We are creating huge hash files that are starting to touch on the 2GB limit. Typically, these hash files have around 40 million rows in them. I want to create a distributed hash file instead to make the maintenance/design of the DataStage jobs easier (lookup's become a problem when you have to lookup on more that one hash file for the same type of information).

My questions are thus:
What is the performance impact of doing this?
Can the hash files be cached if they are in a distributed hash file?

Many thanks

Sainath.Srinivasan · Post by **Sainath.Srinivasan** » Thu May 26, 2005 2:26 am

Distributed hash file is similar to partitioned table. I do not think you will be able to cache as the main purpose of this is to reduce the scanning and loading into memory.

Precious · Post by **Precious** » Thu May 26, 2005 2:56 am

Here is some info and the posts it comes from:

viewtopic.php?t=90554

Part files accessed via the Distributed file name are not eligible to be cached.

viewtopic.php?t=90164

The distributed hash file has a lot of maintenance overhead, in that you must define partitioning algorithms. A distributed hash file is the same concept as a partitioned table in Oracle. You must include the partition key column when doing any lookup/join to benefit from partition pruning.

What this does is give you smaller, faster hash files to reference, keeping you in the 32-bit realm, distributes CPU load, and lets you balance processing better.

ArndW · Post by **ArndW** » Thu May 26, 2005 5:21 am

ewartpm,

the distributed hash file mechanism works well, but as you have seen from the other posters, it does invalidate the caching mechanism.

That said, if you choose your partitioning algorithm carefully, you can read and write to the individual "partitioned" files directly and use them in normal DataStage jobs; so you can still get the benefits of a distributed partitioned file.

The 2Gb limit doesn't apply to the windows files (assuming NTFS), so if you created a large hash file this limitation ought not to apply to you. WHy are you being limited to files of 2Gb?

ray.wurlod · Post by **ray.wurlod** » Thu May 26, 2005 7:22 am

You can stay with hashed files by resizing them to 64-bit addressing.

Code: Select all

RESIZE hashedfile * * * 64BIT

(This syntax assumes a VOC entry - it can also be done from the command line.)
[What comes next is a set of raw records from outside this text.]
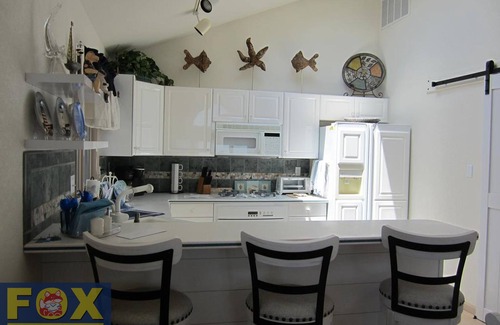 Ocean City Casa | Charming 4-bedroom house on Ocean City Beachfront. A few steps to boardwalk.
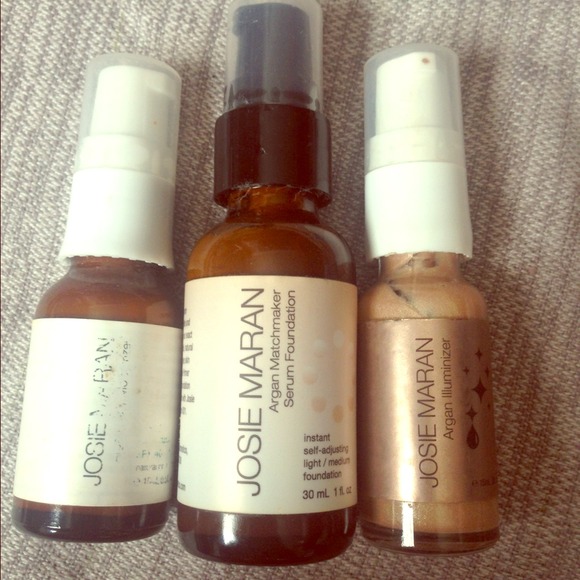Josie Maran completion perfecting trio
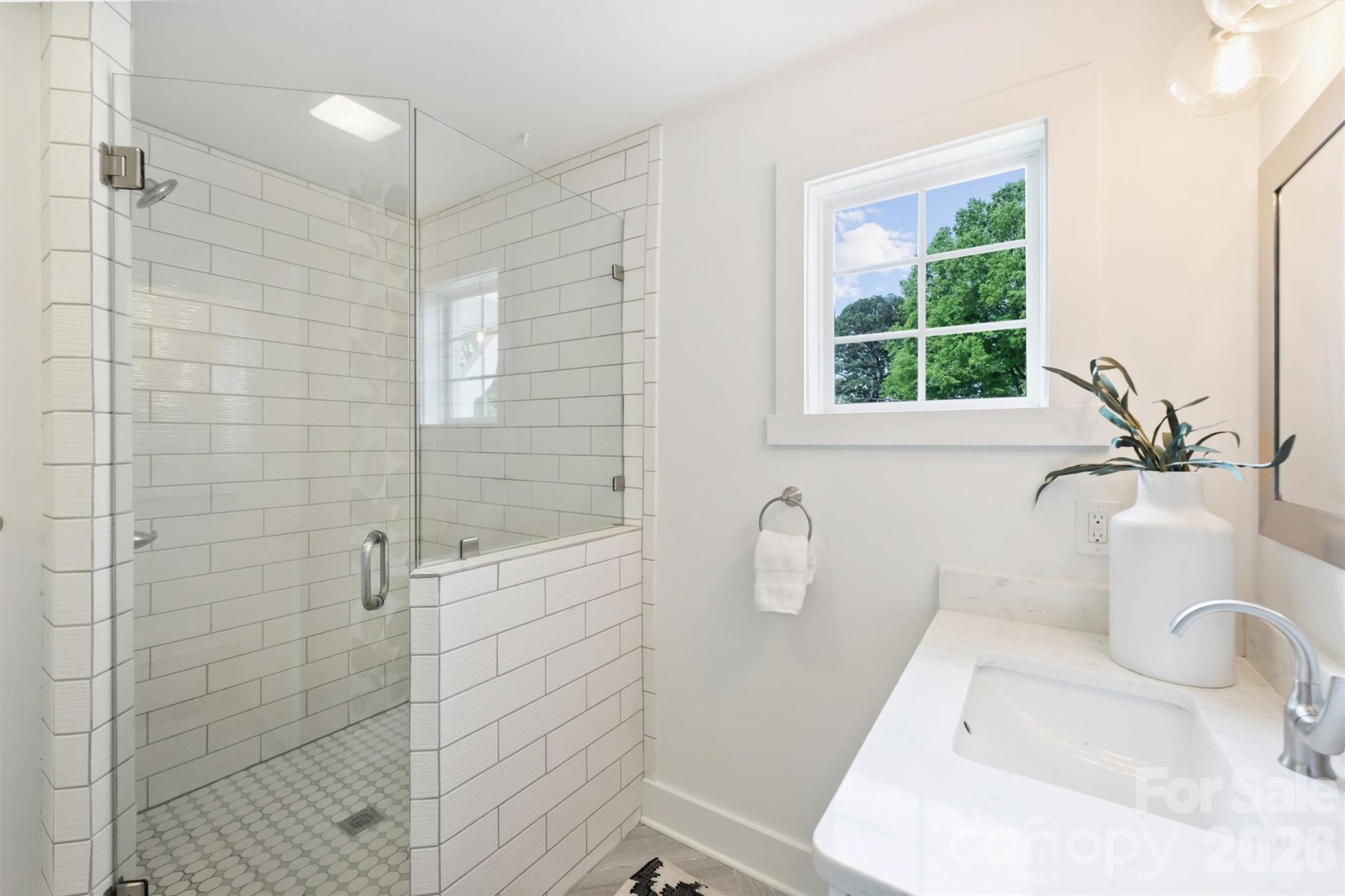 2314 Crestview Drive Charlotte NC 28216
ewartpm · Post by **ewartpm** » Thu May 26, 2005 7:50 am

Thanks for the replies.

I thought the 2GB limit applied to al OS, hence my concern

I have heard that 64 bit hash files do not perform well hence I have not pursued this option. Is this just a perception of mine or should they be avoided?

Precious · Post by **Precious** » Thu May 26, 2005 8:11 am

ArndW wrote:The 2Gb limit doesn't apply to the windows files (assuming NTFS), so if you created a large hash file this limitation ought not to apply to you. WHy are you being limited to files of 2Gb?

I was under the impression that this was the case on 32 bit OSs.

Please clarify.

ArndW · Post by **ArndW** » Thu May 26, 2005 8:21 am

Precious,

if the OS or hardwar word width is 32 bits you can still have a 64-bit pointer; it just spans the internal work boundary and is somewhat less efficient.

The file system pointers need to be bigger than 32bits to support that 2Gb limit; and if you use the NTFS file system on any of the newer Windoze platforms you get a very high theoretical file size. I didn't know what the limits were, but I just checked out Size Limitations in NTFS and FAT File systems and got some interesting data.

ray.wurlod · Post by **ray.wurlod** » Thu May 26, 2005 12:14 pm

In theory 19 million TB, but probably limited to 1TB on Windows platforms.